The truth of these statements is indisputable, although the ulterior motive of the advertisements is always to create a desire to acquire a certain "product". The world is not a product, of course, but in the hustle and bustle of buildings, amidst constant stimuli and interactions, it is as difficult to reflect on the world as it is to encounter nature.

During our walks, we will try to take in a small part or even all of nature, to expose our senses to it, to immerse ourselves in its reflection, rather than the usual perception and fleeting sensations of the familiar environment. This is to be achieved through paths to various selected points in the landscape and via the recommendations received there, including walking meditation, perspective shifting, shared perception exercises, sky scanning and mental mapping.


How is it that while most of human life on Earth has long been trapped in the inequality of work and free service 'by birth', on this same planet - underground - there is a network of abundance stretching for miles, often blooming in exuberant beauty?

Fungi are ubiquitous organisms that complement and interconnect the roles of other groups of living organisms, embodying the circular unity of nature. They reintegrate inanimate matter into the ecosystems of their habitats through their decomposing action. Their subterranean networks are organic, complex webs of threads that extend across space and time, providing extensive root systems that have provided nutrients and information to their plant companions for 450 million years. This underground network circulates, among other things, the sugars of photosynthetic plants. The abundance of nutrients available here has even allowed the emergence of plants that do perform carbon binding - whose existence is usually described by humans as 'parasitic'.

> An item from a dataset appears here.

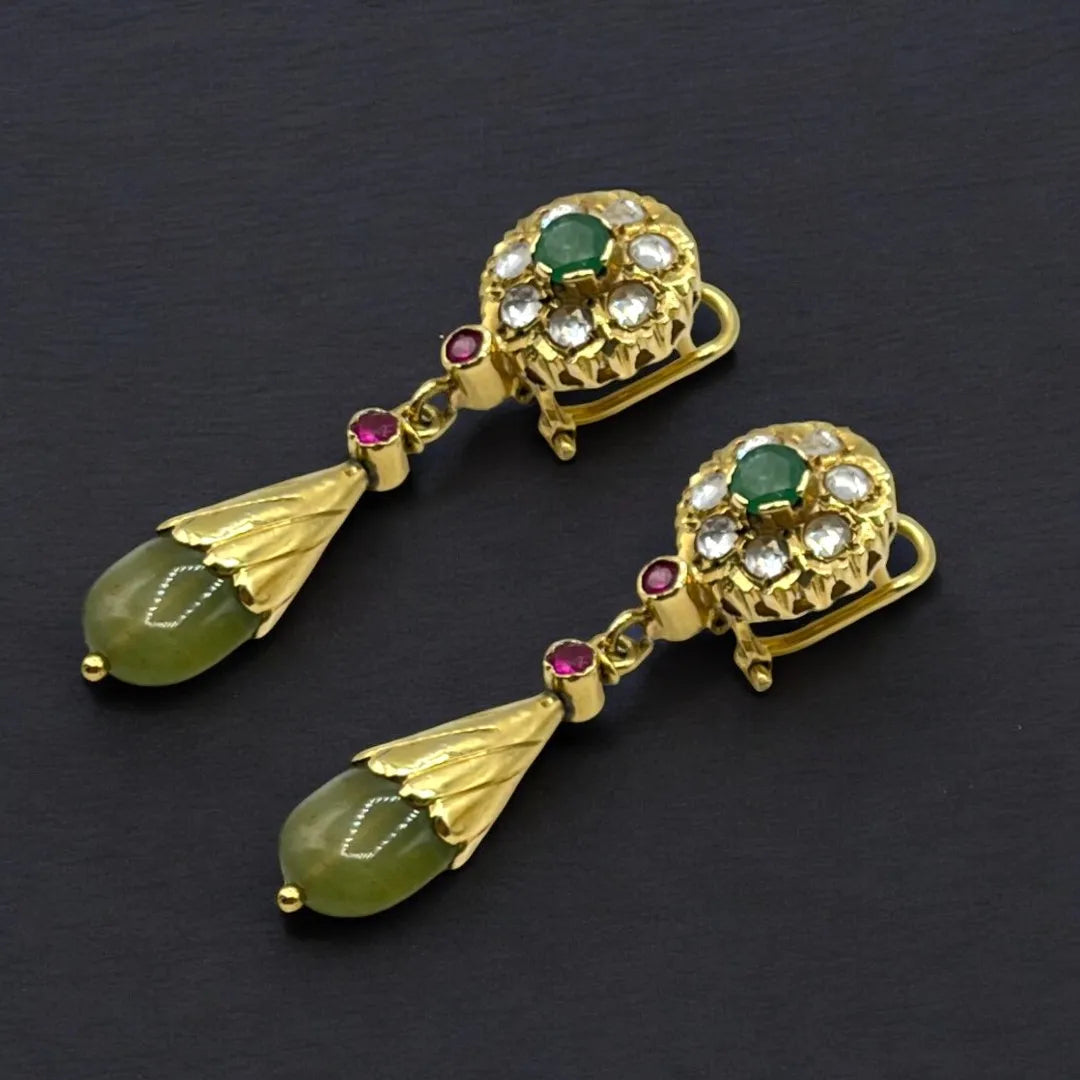 Boucles d’Oreilles Traditionnelles en Or 18K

During the playful walk, we will be drawn underground by the local heleborines, into the web of soil-dwelling fungi that support them, where we will join in the current human/scientific research on abundance, mutualism and beauty.


Dávid Somló's site-specific sound installation evokes a sense of vaguely imagined memories among the boats of a secluded fishing harbour. The laughter of people from afar and the hum of reeds mixed with the creaking of the pier planks - miniature sound compositions hidden in space, offering participants the possibility to contemplate a wild romantic world on its way to extinction.

"Hauntology evokes a half-percolated memory of non-existent things akin to sonic fictions or made-up thoughts - approximating the imprecise nature of memory itself."
– Sean Albiez on hauntology

"We sat on the pier and watched the light dance across the water. (...) Summer in Balaton, summer in Balaton."